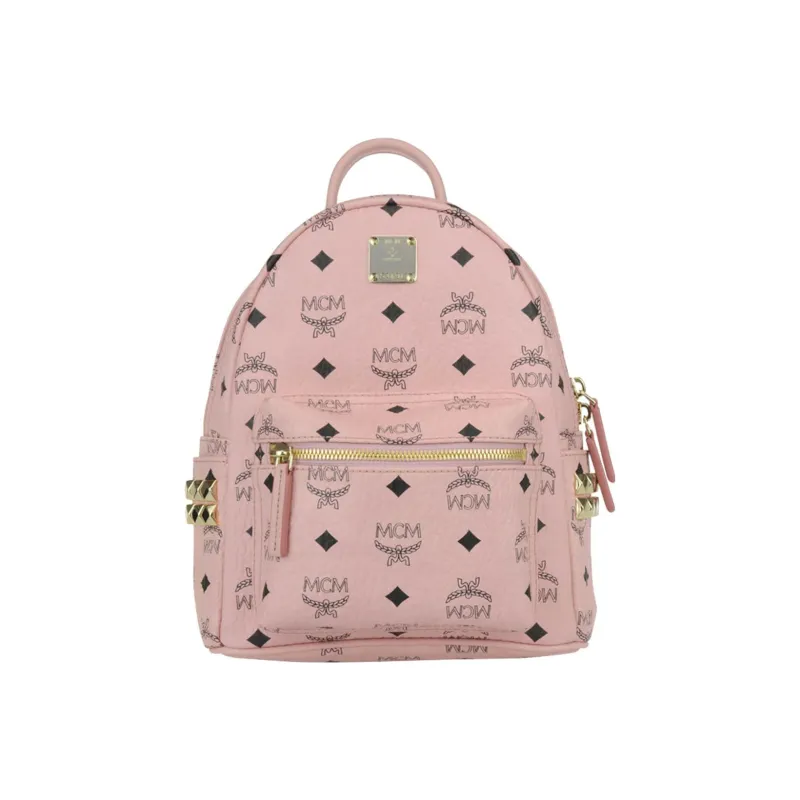 MCM Stark Side Studs Backpack Visetos Mini Soft Pink-0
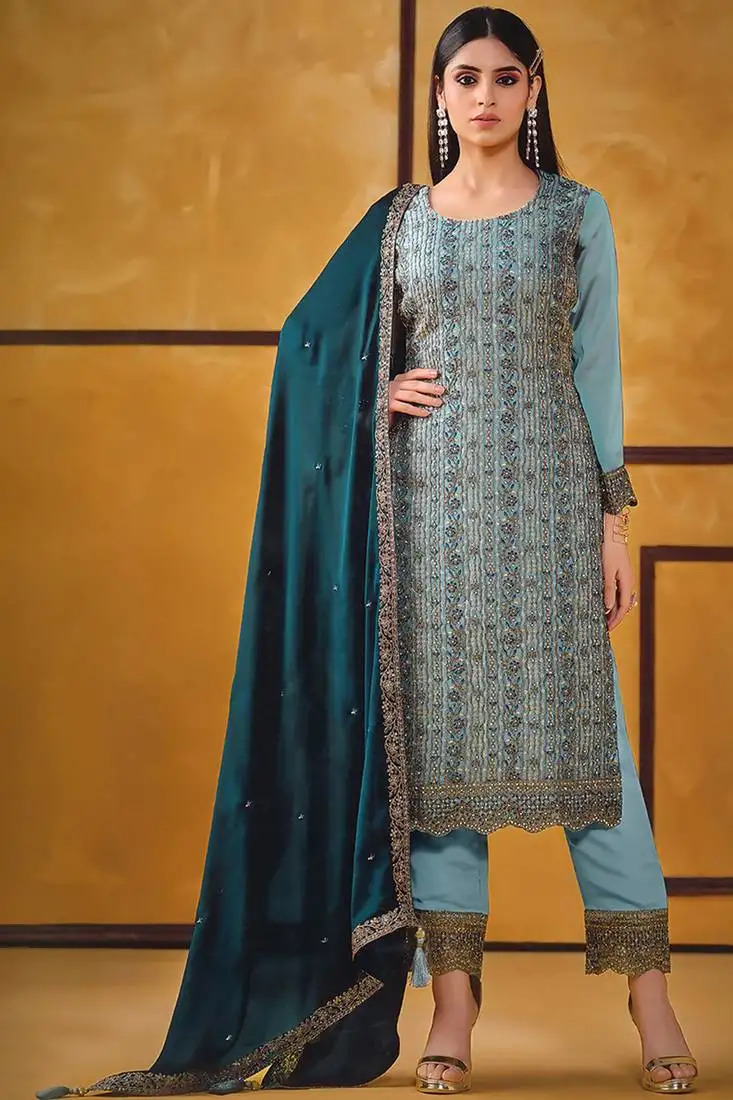 Teal blue zari embroidery and diamond silk straight pant - free size stitched(size upto 42")
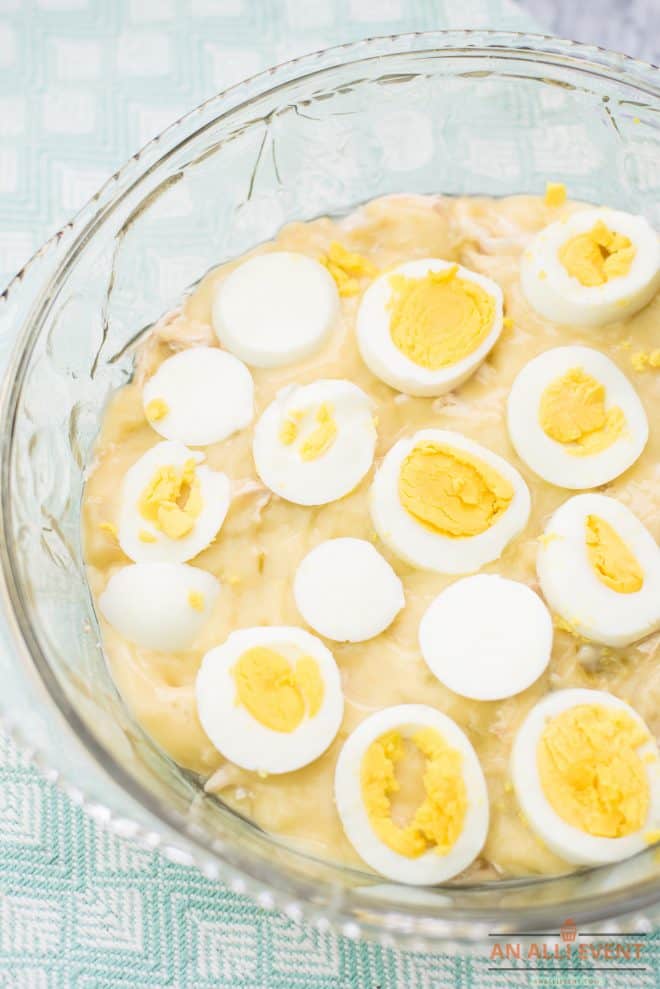 Sliced Eggs layer for Chicken Pot Pie Casserole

============================================================

WORK TO BE COMPLETED:
The listing is to be repeated word for word, with all pictures omitted.

WRITTEN SOLUTION:
 MCM Stark Side Studs Backpack Visetos Mini Soft Pink-0
 Teal blue zari embroidery and diamond silk straight pant - free size stitched(size upto 42")
 Sliced Eggs layer for Chicken Pot Pie Casserole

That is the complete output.